● Activity
Your output must hold every entry exactly as written and none of the pictures.

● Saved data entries
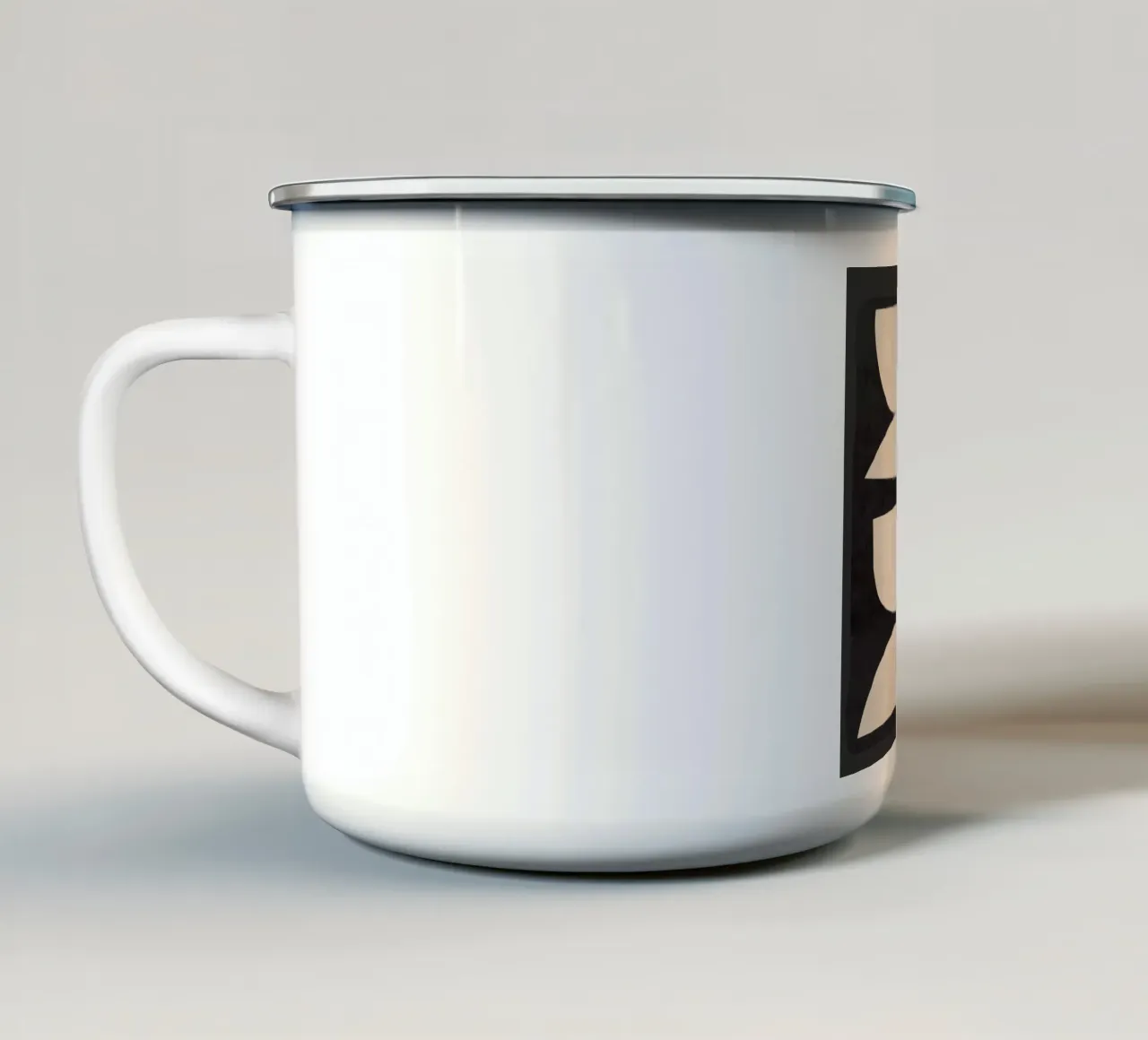abstract minimaal 23/1 emaille mok van ThingDesign
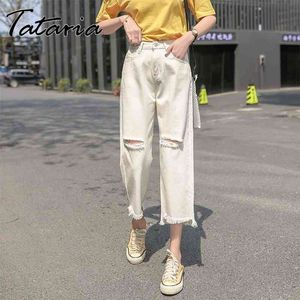 데님 바지 여성 넓은 다리 높은 허리 캐주얼 송아지 길이 흰색 느슨한 큰 찢어진 바지 여성 streetwear 210514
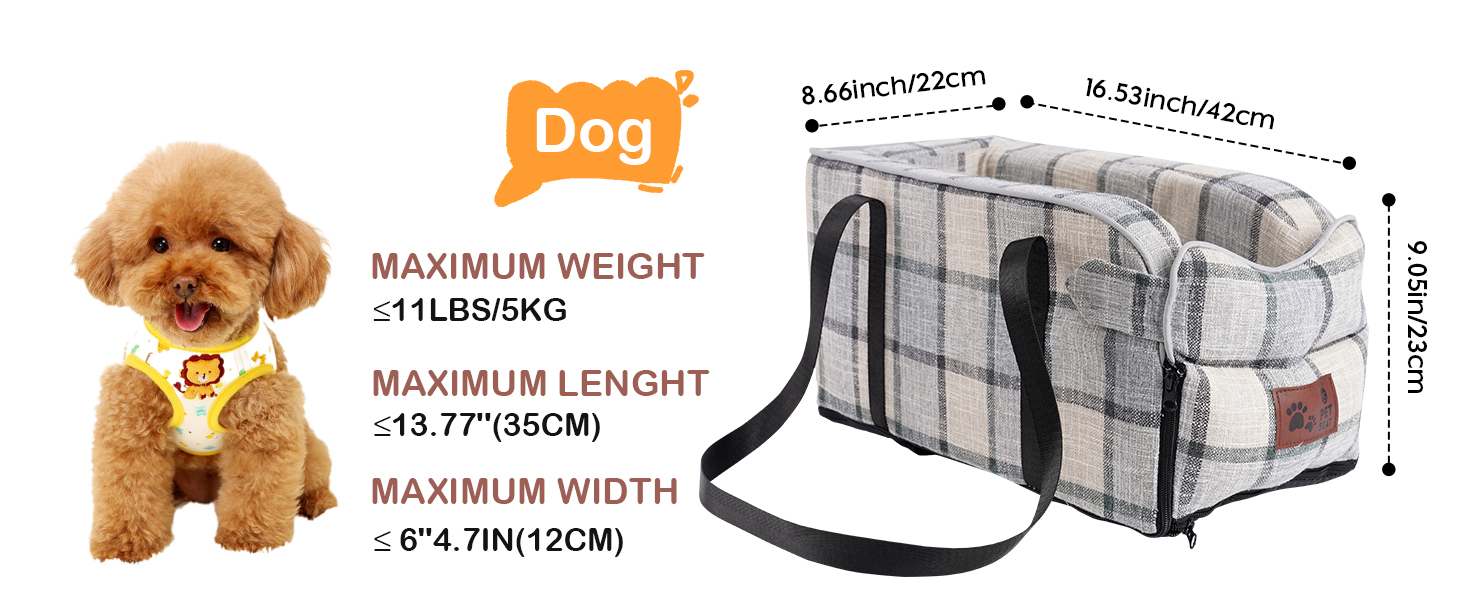 Автокрісло для собак та котів, середньої консолі, стабільне, з ременем, знімний, миючий, для собак та котів середніх порід до 6 кг (у клітинку)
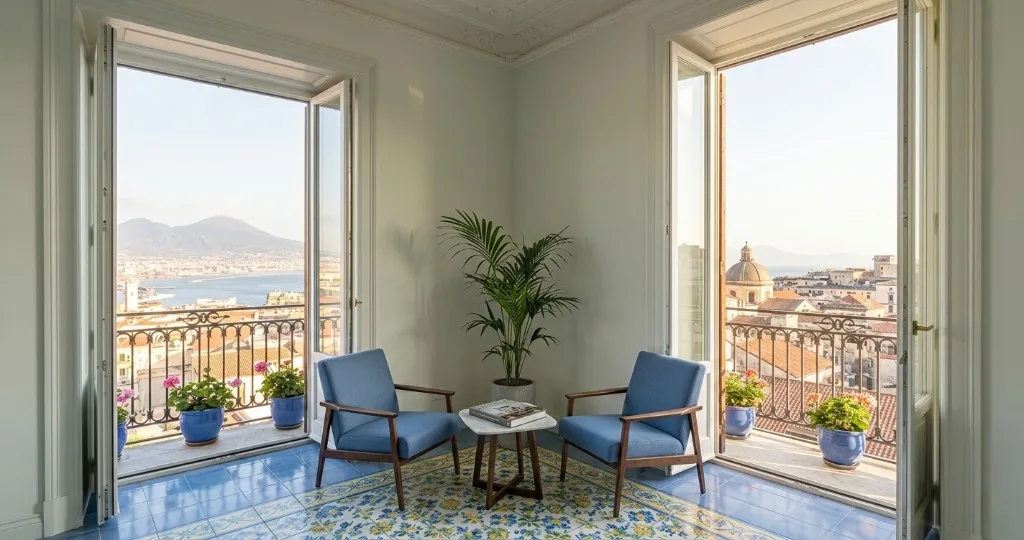 Interno luminoso a Napoli con pavimento in maiolica e vista sul Vesuvio dal balcone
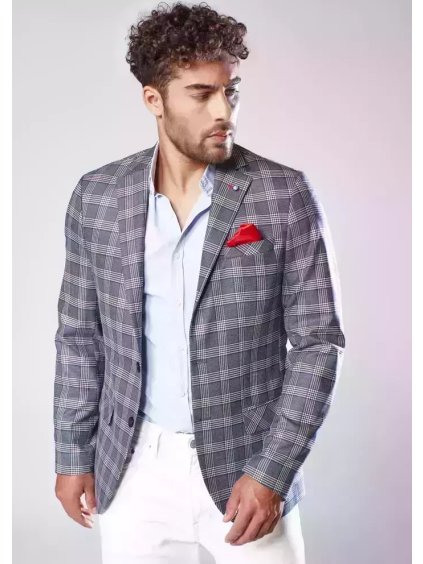 Tmavě modré pánské kárované sako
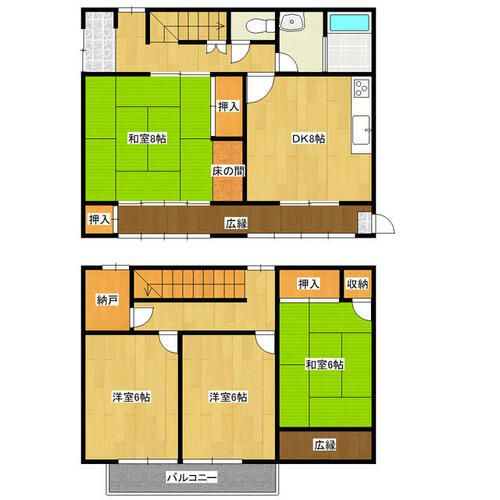 福岡県行橋市南大橋3丁目(一戸建)の賃貸物件の間取り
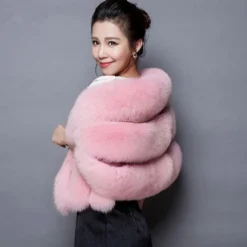 Winter Faux Fur Long Shawl Cloak Stretchy Satin Glove Opera Bridal Dance Gloves for Women Wedding Dress Party Coat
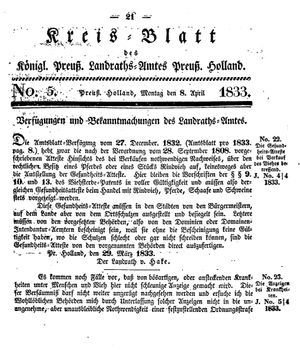 Kreisblatt des Königl. Preuss. Landraths-Amtes Preuss. Holland vom 08.04.1833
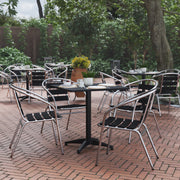 Lila 27.5'' Black Square Aluminum Indoor-Outdoor Table Set with 4 Black Slat Back Chairs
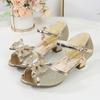 Girls Princess Sandals Summer Open-toe Elegant Children High Heels Fashion Sequins Crown Kids Causal Glitter Wedding Dress Shoes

● Solution below
abstract minimaal 23/1 emaille mok van ThingDesign
 데님 바지 여성 넓은 다리 높은 허리 캐주얼 송아지 길이 흰색 느슨한 큰 찢어진 바지 여성 streetwear 210514
 Автокрісло для собак та котів, середньої консолі, стабільне, з ременем, знімний, миючий, для собак та котів середніх порід до 6 кг (у клітинку)
 Interno luminoso a Napoli con pavimento in maiolica e vista sul Vesuvio dal balcone
 Tmavě modré pánské kárované sako
 福岡県行橋市南大橋3丁目(一戸建)の賃貸物件の間取り
 Winter Faux Fur Long Shawl Cloak Stretchy Satin Glove Opera Bridal Dance Gloves for Women Wedding Dress Party Coat
 Kreisblatt des Königl. Preuss. Landraths-Amtes Preuss. Holland vom 08.04.1833
 Lila 27.5'' Black Square Aluminum Indoor-Outdoor Table Set with 4 Black Slat Back Chairs
 Girls Princess Sandals Summer Open-toe Elegant Children High Heels Fashion Sequins Crown Kids Causal Glitter Wedding Dress Shoes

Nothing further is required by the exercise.